Tuesday, July 24, 2007

Mai Kow Jai Kaa

Mai Kow Jai Kaa = I don't understand.

This past week i began tutoring a few of my students who have been needing a little extra help. They're all extremely bright kids, but good number of them struggle in the areas of speaking and listening. After class for about an hour I'll tutor a student one-on-one and help them in whatever areas they most need help. Usually we'll both be pretty tired, seeing that it's the end of a long school day, yet these times are very important. I am able to more accurately gauge what the individual student needs, rather than the class as a whole, and i'm able to work with them until i'm confident that they understand.

It's not easy for these kids.

For the majority of a school day the kids are being taught in English (by me), but for an hour or two they will have classes taught in Thai. I recently sat in on one of the Thai classes and gained some valuable understanding. I watched the American kid (Missionary kid) who doesn't speak hardly any Thai, but he is in this school because the majority of the classes are in English, and his parents want him to learn Thai.
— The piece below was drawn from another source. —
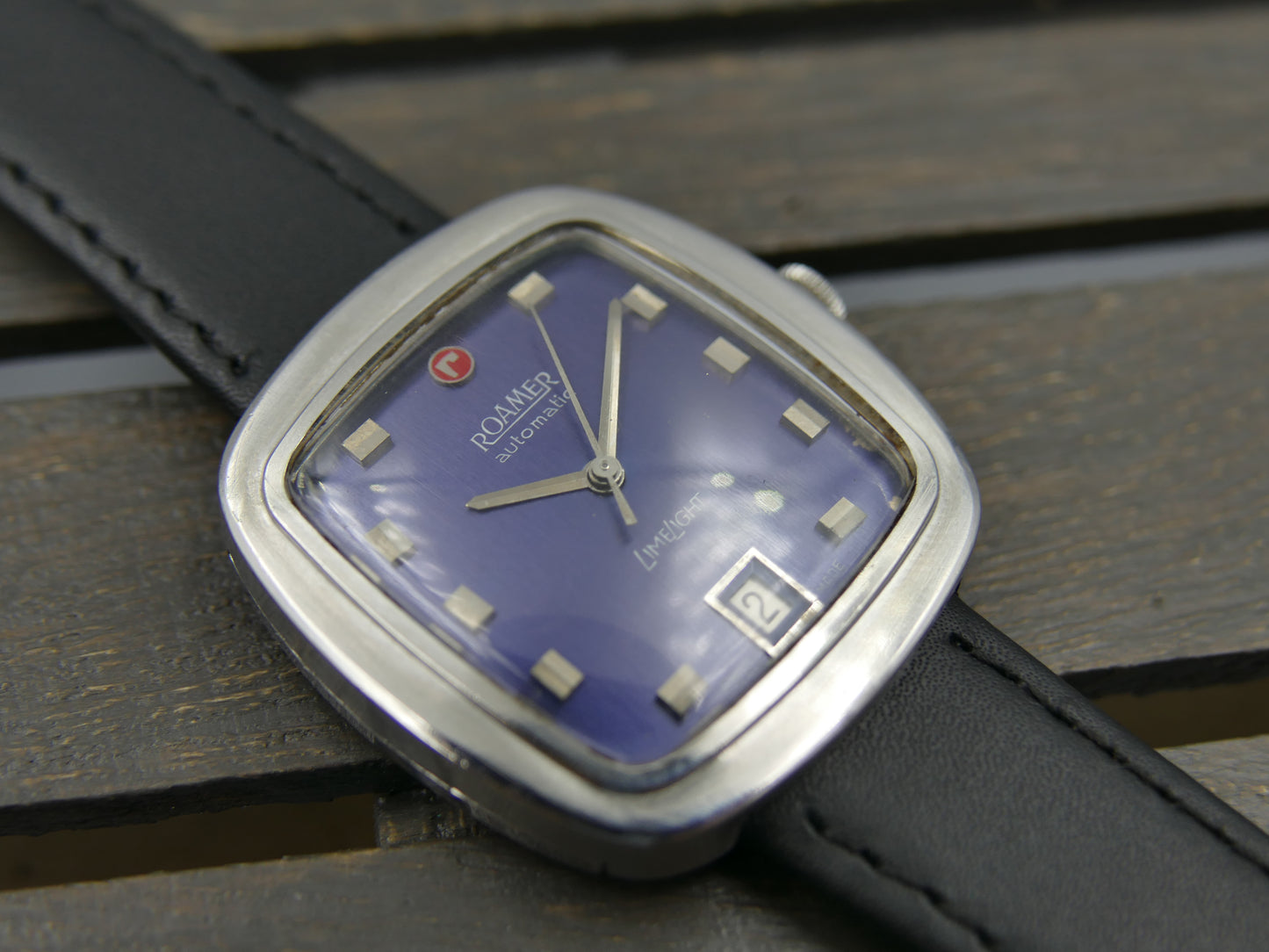 70s vintage watch mens Roamer LimeLight ref. 479.8120.604 automatic cal. MST 479 blue dial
I watched him fidget in his seat, daydream, become absolutely bored, and give up on trying to listen to the Thai teacher. It made me realize that when I teach, that is what it is like for ALL of the students in my class. It can be easy for me to get frustrated because they don't listen to me, forgetting that they have a really difficult time understanding me, and as a result it is easy to tune me out. I've seen it in my American student, and i've seen it in myself as it is easy for me to tune out any Thai that i hear spoken.

I'm trying to learn more of the Thai language. I've picked up a little...
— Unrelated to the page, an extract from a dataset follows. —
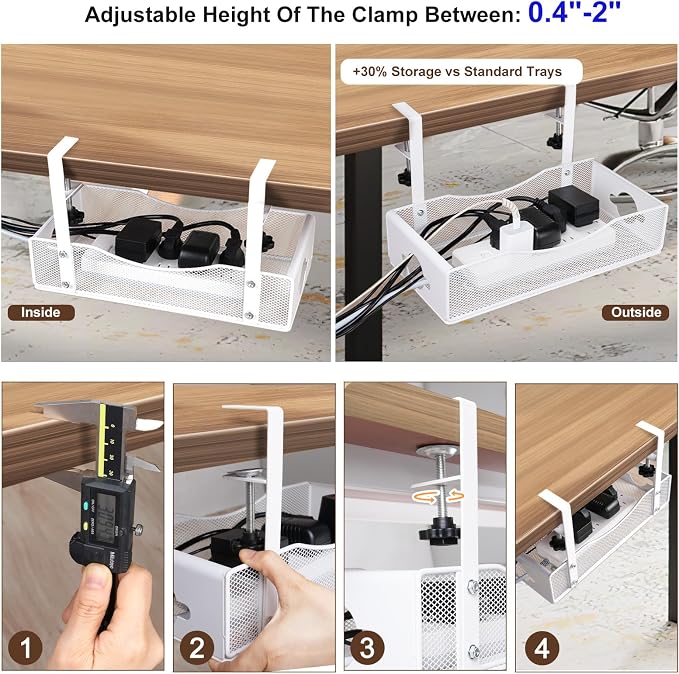 Extra Wide Under Desk Cable Management - 7inch No Drill Installation Cable Management Tray, Clamp/Screw Mount Desk Cable Management, Cable Management Tray for Office, Home((White, XL)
The main reason that I am in Thailand is not to teach. The main reason is to share with people the love of God. Actions go a little ways... but to most of the Thai people i'm just another American tourist with a fat wallet. I need words to get past that. I've been writing everything down that i learn, and listening to stuff on CD and getting lots of pointers from the Thai teachers here, from people from the church, and from Rose, the fruit shake lady.
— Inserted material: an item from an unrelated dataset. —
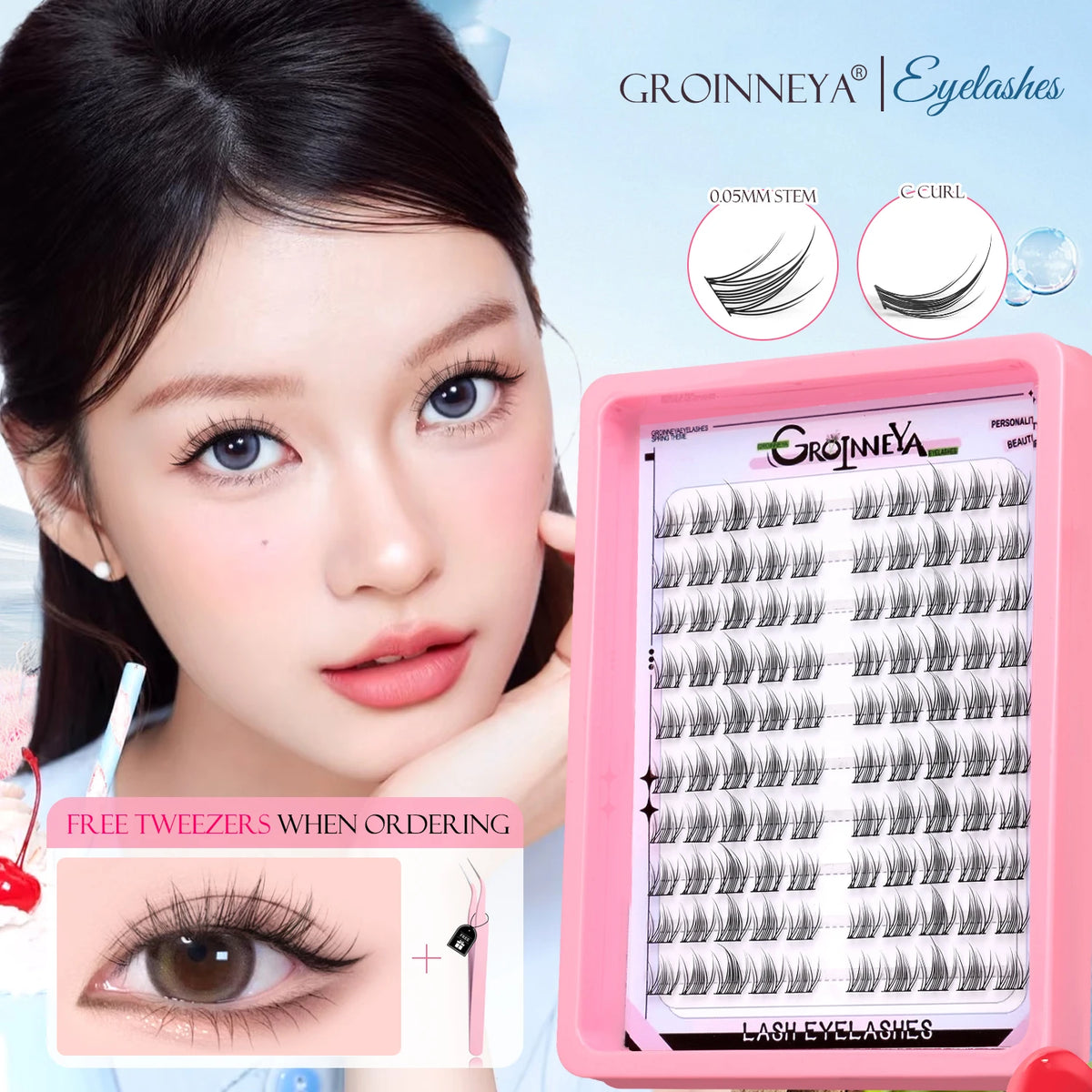 GROINNEYA C-Curl Cluster Eyelashes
It's not easy to learn this language. In fact, with all of the tones it's very difficult. But it's worth it.


Suzanne said...


That's really neat that you have seen this so early in your time there! I'm glad that your heart is attuned to the needs of the children. I'm praying for you.


Derek Knight said...

Keep up the hard work! I'm sure it will pay off, if it hasn't started to already.

Anonymous said...

Is it time yet for the "Elizabeth, you're a great teacher" coments? We continue to pray fervently!


Anonymous said...

Is it time yet for the "Elizabeth, you're a great teacher" coments? We continue to pray fervently!